When Obama's State Department declared Venezuela's recent referendum to remove presidential term limits (and so allow Chávez to stand for re-election) an internal matter "consistent with democratic principles," it was attacked by the Houston Chronicle, which is owned-- you guessed it--by the Hearst Corporation. More criticism followed, sending administration officials "scrambling," according to the Wall Street Journal, "to assert that the Obama administration hasn't softened US policy toward Venezuela."
Since the ongoing demonization of Chávez carries absolutely no domestic costs and its easing plenty of potential debits, Obama might be forced to keep up some version of the Bush administration's hard line, perhaps providing the president cover to moderate rhetoric, if not policy, in real danger spots where far more is at stake--as in the Middle East.
...And Ends in Texas
Immigration is one area where Obama might have some room to maneuver, but he would have to overcome the Glenn-Beck wing of the Republican Party. Ordering Immigration and Customs Enforcement agents to stop hunting undocumented Latin American workers (as the presidents of Mexico and Central America have demanded) and opening a real path to citizenship would go a long way toward improving relations with southern neighbors. It would also guarantee the loyalty of the Latino vote in 2012 and, by creating millions of new voters, perhaps even pull Texas closer to swing-state status.

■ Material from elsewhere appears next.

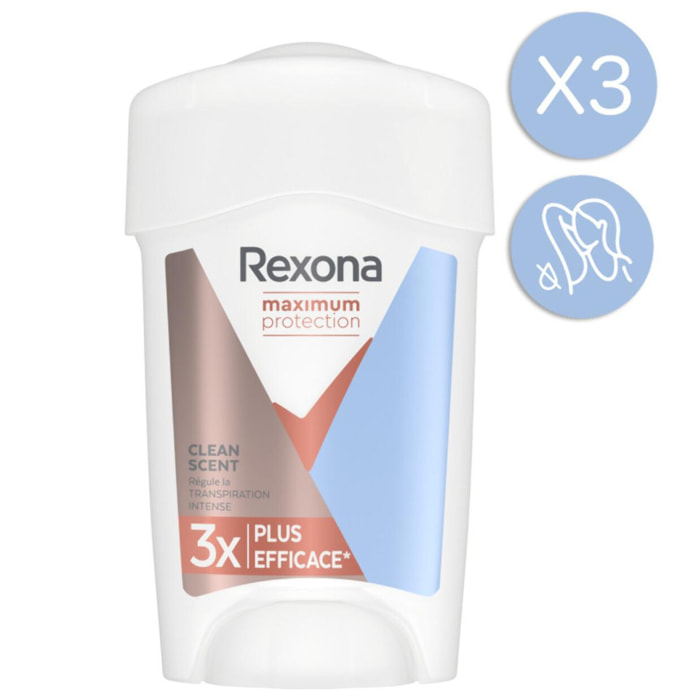 3 Déodorants REXONA Stick Anti-Transpirant Maximum Protection Clean Scent (Lot 3x45ml)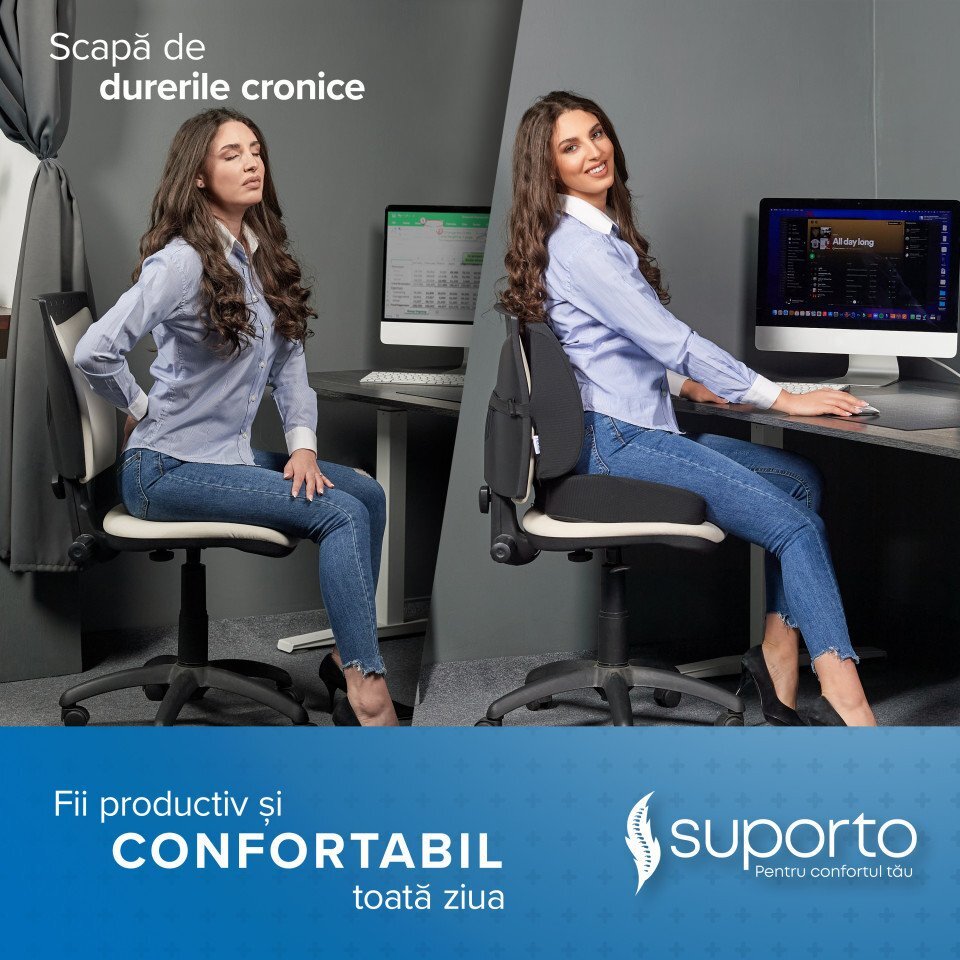 Suporto Set perna de sezut si perna lombara inalta Confort Complet Negru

Returning to the Scene of the Crime
Ultimately, however, Obama's vision will be limited by the smallness of the imaginations of the counselors he has surrounded himself with. There are neither Gruenings nor even Hulls in that crowd. He has kept on George W. Bush's Assistant Secretary of State for Latin America Thomas Shannon and has picked Jeffrey Davidow to be his special advisor at the summit.
A career diplomat, Davidow's foreign service has been largely unremarkable, though his first posting was to Guatemala in the early 1970s when US-backed death squads were running wild, and was followed by an assignment as a junior political officer in Chile, where he observed the 1973 US-backed military coup that overthrew elected President Salvador Allende. Committed to the Clinton-era mantra of economic liberalization, these diplomats will never recommend the kind of game-changing ideas Gruening did.

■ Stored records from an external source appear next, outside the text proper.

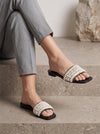 Pearl Beaded Flat Slides – Black & White
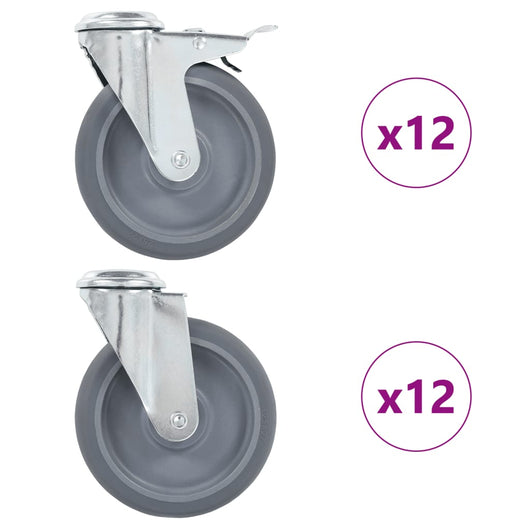 Ruote Girevoli con Foro per Bullone 24 pz 125 mm 277899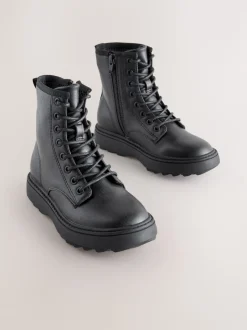 Black Warm Lined Lace-Up Ankle Boots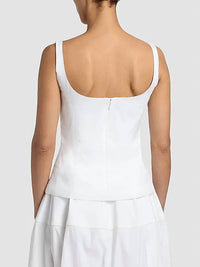Lela Rose - Peony Embroidered Cotton Poplin Scoop Neck Top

Given that the global financial crisis will dominate this summit, Obama's appearance will be seen by some as a return to the scene of the crime. After all, it was in Chile that the now-discredited model of deregulated financial capitalism was first imposed. This occurred well before Presidents Reagan and Clinton adopted it in the United States.
As it then spread through most of the rest of Latin America, the results were absolutely disastrous. For two decades, economies stagnated, poverty deepened and inequality increased. To make matters worse, just as a new generation of leftists, taking measures to lessen poverty and reduce inequality, was recovering from that Washington-induced catastrophe, a reckless housing bubble burst in the United States, bringing down the global economy.
Latin Americans will want an accounting. As even Colombian President Alvaro Uribe, a close US ally, put it, "the whole world has financed the United States, and I believe that they have a reciprocal debt with the planet." Hugo Chávez couldn't have said it better.